TASK STATEMENT:
Omit the pictures and output exactly the lines from the start of the entries through the line containing "Стоматология Белый Слон".

BEGIN

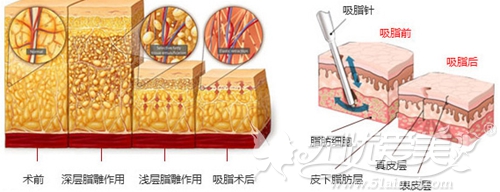郑州集美360°分层吸脂手术原理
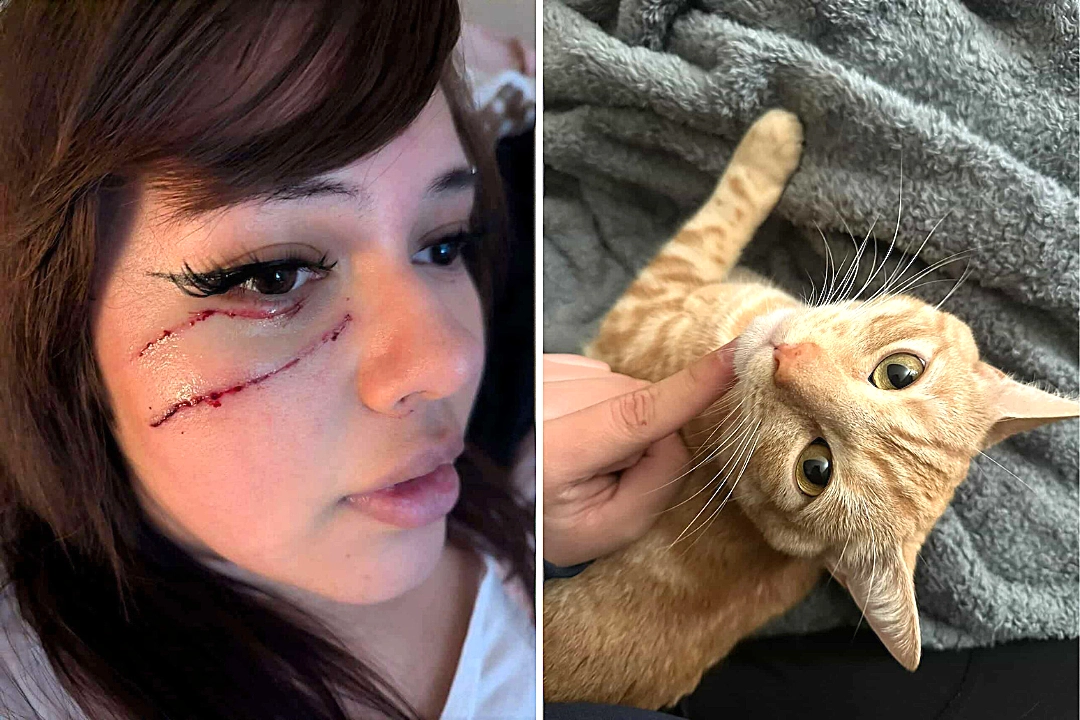 A sleeping cat owner nearly lost an eye after her pet maimed her face in the dead of night - but she still loves him and refuses to blame him for the freak accident.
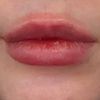 Zu schmale Lippen für Hyaluron?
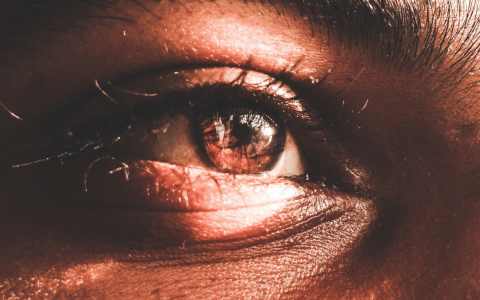 Quais são os erros de refração ocular?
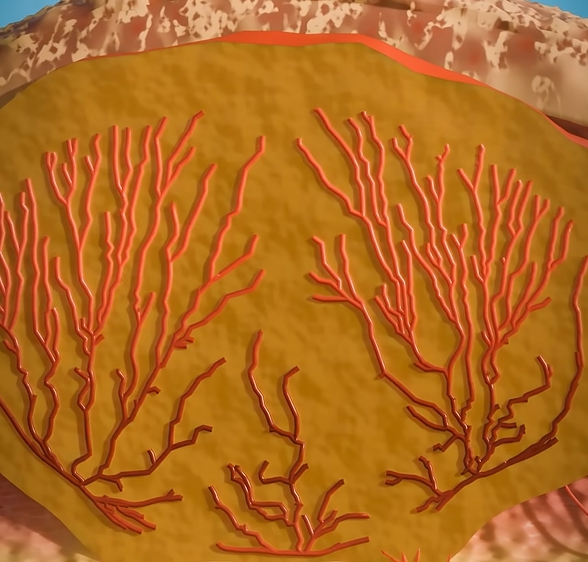 곤지름 초기증상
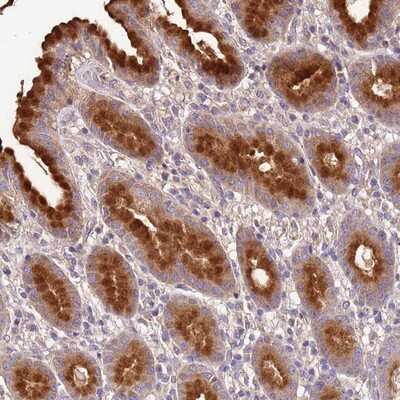 Immunohistochemistry-Paraffin: mut-7 Antibody [NBP1-92155]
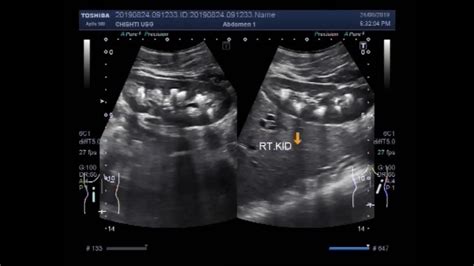 Ultrasound Video showing bilateral Medullary nephrocalcinosis and renal calculi. - YouTube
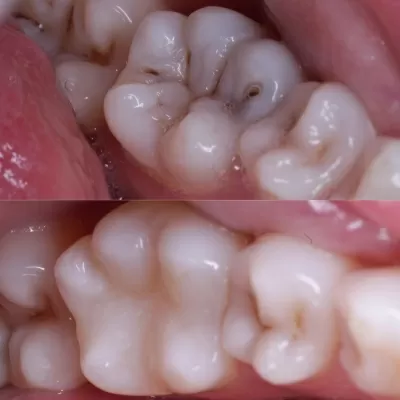 Стоматология Белый Слон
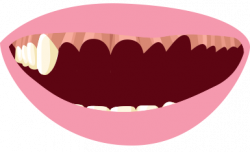 Missing teeth clip art clipart images gallery for free ...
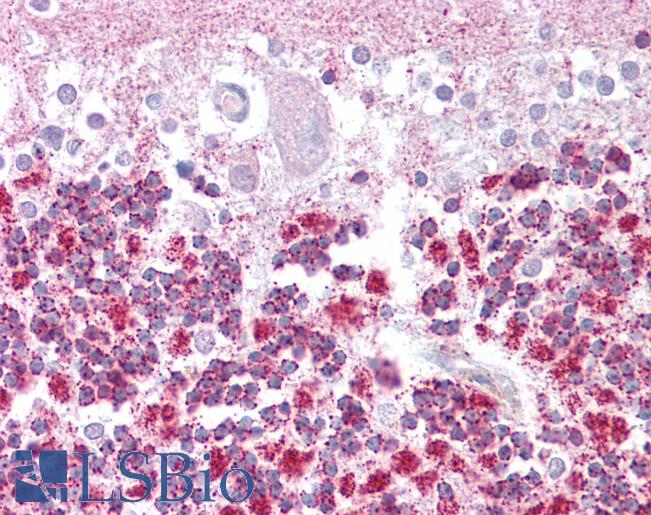 Anti-EPM2A antibody IHC of human brain, cerebellum. Immunohistochemistry of formalin-fixed, paraffin-embedded tissue after heat-induced antigen retrieval. Antibody LS-B6474 concentration 2.5 ug/ml.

END

FINISHED TASK:
郑州集美360°分层吸脂手术原理
 A sleeping cat owner nearly lost an eye after her pet maimed her face in the dead of night - but she still loves him and refuses to blame him for the freak accident.
 Zu schmale Lippen für Hyaluron?
 Quais são os erros de refração ocular?
 곤지름 초기증상
 Immunohistochemistry-Paraffin: mut-7 Antibody [NBP1-92155]
 Ultrasound Video showing bilateral Medullary nephrocalcinosis and renal calculi. - YouTube
 Стоматология Белый Слон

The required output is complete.